Pedia-se naquele documento:
– que a Hierarquia declarasse existir em Moçambique um povo com cultura própria e com direito à autodeterminação;
– que reconhecesse como legítimas as reivindicações dos movimentos de libertação conformes aos direitos dos homens e ao Evangelho, levando os responsáveis a resolver os conflitos por meios justos e pacíficos e oferecendo-se, se necessário, como intermediária;
– que aquela renunciasse à Concordata e ao Estatuto Missionário;
– que renunciasse a colaborar no ensino do Estado, a subsídios e outros privilégios;
– que criasse novos órgãos de informação e estimulasse a formação de uma verdadeira e sã opinião pública, e a formação de elites a nível eclesial, social, económico e político;
– que a Conferência Episcopal do território se integrasse na Conferência da África e Madagáscar;
– que a Igreja de Moçambique passasse a depender da Congregação da Evangelização dos Povos (49).
Os Cambonianos decidiram, por fim, com o seu Bispo, acatar as propostas dirigidas à Hierarquia, mas continuando a trabalhar pela promoção do povo, pela formação profissional e pelo desenvolvimento comunitário.

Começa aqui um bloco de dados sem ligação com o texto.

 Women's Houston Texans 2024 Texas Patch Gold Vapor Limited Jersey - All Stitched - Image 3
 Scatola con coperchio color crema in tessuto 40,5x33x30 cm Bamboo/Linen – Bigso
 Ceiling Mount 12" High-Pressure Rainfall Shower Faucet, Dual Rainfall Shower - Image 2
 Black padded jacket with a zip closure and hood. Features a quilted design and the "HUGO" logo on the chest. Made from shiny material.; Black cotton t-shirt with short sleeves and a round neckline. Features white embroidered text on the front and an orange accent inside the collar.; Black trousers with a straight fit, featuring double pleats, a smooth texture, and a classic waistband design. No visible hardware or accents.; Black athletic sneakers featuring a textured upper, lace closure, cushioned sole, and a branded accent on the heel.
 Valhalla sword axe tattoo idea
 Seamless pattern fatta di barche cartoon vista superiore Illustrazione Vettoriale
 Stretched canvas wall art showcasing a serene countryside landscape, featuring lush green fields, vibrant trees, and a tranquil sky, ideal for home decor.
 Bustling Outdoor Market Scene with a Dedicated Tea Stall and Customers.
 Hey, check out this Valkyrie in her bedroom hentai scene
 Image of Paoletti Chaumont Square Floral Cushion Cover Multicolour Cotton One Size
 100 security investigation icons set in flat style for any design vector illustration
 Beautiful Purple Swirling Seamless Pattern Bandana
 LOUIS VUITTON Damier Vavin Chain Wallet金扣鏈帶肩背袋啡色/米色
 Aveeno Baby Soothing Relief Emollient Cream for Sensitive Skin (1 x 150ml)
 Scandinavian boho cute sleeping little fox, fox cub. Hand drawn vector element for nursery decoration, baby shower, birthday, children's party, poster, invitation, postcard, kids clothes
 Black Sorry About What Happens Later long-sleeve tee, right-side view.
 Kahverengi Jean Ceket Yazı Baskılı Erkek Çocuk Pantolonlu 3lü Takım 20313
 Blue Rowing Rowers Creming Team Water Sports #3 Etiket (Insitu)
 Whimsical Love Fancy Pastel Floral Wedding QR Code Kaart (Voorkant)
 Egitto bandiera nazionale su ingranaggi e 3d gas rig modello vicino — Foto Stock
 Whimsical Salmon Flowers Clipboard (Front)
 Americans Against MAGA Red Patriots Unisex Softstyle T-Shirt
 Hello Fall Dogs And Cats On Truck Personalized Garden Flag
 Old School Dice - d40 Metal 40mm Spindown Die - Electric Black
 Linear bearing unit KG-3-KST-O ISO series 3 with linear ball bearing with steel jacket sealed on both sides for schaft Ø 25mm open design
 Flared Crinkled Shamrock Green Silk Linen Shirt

Estes documentos controversos para o Regime e que inicialmente circularam com algumas restrições foram colocados à disposição do público, tendo sido lido para o efeito, a 10 de Março de 1974, um comunicado da Secretaria da Diocese em todas as paróquias de Nampula.
A reacção do Poder foi tentar virar a opinião pública contra o Bispo e os seus missionários e ordenar a respectiva expulsão.
A 5 do mesmo mês, três padres recebem ordem de expulsão; a 6, mais três padres recebem a mesma ordem, todas para o dia 20. A situação é contestada pela Diocese. As ordens de expulsão são antecipadas para 11. Após a distribuição nas missas dominicais dos documentos atrás citados, as ordens de expulsão são adiadas de novo para 20. Entretanto, a Santa Sé envia o Núncio Apostólico, Mons. José Maria Censi, para que este se inteire da real situação da Igreja em Moçambique. A 22, realiza-se uma Assembleia da Conferência Episcopal, em Quelimane, da qual resulta um comunicado não divulgado na Metrópole, devido à Censura. A 27, há uma nova reunião do Episcopado, sendo emitido a 31 um comunicado onde se refere a ânsia, “(...) a partir de diversas posições, pela consecução de uma paz justa, estável e fecunda, que favoreça num clima de fraternidade, o progresso de toda a sociedade moçambicana (...)”(50). Naquela reunião foi explicitamente assumido pelos Bispos delegados e pelo Núncio Apostólico “(...) que a Igreja em Moçambique não estava contra a autonomia e independência, mas não competia à Hierarquia assumir e estruturar o processo conducente a tais objectivos, mas às populações na sua generalidade (...)”(51).
As manifestações continuaram. O Governador do Distrito de Nampula, em 10 de Abril, impõe a D. Manuel uma saída temporária para a Namaacha, tendo-lhe sido garantido o regresso. Mas, a 14, a DGS comunica-lhe que, por ordem do Governo, tem de deixar Moçambique naquele mesmo dia.